» TASK STATEMENT
Using the listing below, set down each line from the line containing "Masina de cusut" through the line containing "на сером фоне", both ends included, exactly and with nothing added.
MATERIAL PROVIDED START
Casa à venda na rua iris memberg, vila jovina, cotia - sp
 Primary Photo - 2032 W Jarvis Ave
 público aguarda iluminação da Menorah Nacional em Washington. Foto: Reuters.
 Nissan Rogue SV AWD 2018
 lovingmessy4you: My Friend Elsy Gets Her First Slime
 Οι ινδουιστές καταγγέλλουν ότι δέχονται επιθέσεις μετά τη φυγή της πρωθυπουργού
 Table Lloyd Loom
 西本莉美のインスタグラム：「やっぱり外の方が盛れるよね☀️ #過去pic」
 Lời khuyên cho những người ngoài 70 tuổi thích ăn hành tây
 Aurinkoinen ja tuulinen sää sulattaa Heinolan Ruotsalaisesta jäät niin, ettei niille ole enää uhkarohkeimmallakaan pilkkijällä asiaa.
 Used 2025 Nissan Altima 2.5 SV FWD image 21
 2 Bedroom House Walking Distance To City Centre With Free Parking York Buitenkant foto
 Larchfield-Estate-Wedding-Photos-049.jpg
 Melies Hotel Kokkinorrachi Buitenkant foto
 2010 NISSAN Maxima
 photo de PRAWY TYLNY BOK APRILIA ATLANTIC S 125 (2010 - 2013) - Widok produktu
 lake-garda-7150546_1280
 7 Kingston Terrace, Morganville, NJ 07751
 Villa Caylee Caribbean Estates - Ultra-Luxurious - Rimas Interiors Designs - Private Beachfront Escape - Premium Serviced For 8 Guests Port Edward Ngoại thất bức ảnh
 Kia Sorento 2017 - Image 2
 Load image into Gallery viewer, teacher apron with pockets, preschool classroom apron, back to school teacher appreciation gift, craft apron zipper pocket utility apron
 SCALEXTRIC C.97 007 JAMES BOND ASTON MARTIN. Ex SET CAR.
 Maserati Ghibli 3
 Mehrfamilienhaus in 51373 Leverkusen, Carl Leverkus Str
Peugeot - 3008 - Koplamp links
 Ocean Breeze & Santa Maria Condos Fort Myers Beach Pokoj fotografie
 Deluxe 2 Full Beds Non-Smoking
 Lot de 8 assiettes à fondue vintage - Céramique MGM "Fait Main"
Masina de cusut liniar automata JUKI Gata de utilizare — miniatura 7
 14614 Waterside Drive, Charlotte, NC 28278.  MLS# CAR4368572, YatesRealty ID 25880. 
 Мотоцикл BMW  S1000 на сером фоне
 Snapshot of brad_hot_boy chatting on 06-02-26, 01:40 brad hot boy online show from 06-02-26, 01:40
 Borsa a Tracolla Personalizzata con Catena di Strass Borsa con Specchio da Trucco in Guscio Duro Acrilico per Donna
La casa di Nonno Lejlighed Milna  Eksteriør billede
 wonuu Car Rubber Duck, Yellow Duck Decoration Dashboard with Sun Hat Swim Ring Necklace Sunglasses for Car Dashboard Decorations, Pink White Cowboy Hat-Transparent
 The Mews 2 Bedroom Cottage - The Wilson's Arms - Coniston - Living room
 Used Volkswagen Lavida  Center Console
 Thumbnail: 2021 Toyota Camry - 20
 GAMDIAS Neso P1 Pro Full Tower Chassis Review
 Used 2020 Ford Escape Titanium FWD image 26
MATERIAL PROVIDED END
» PROBLEM SOLUTION
Masina de cusut liniar automata JUKI Gata de utilizare — miniatura 7
 14614 Waterside Drive, Charlotte, NC 28278.  MLS# CAR4368572, YatesRealty ID 25880. 
 Мотоцикл BMW  S1000 на сером фоне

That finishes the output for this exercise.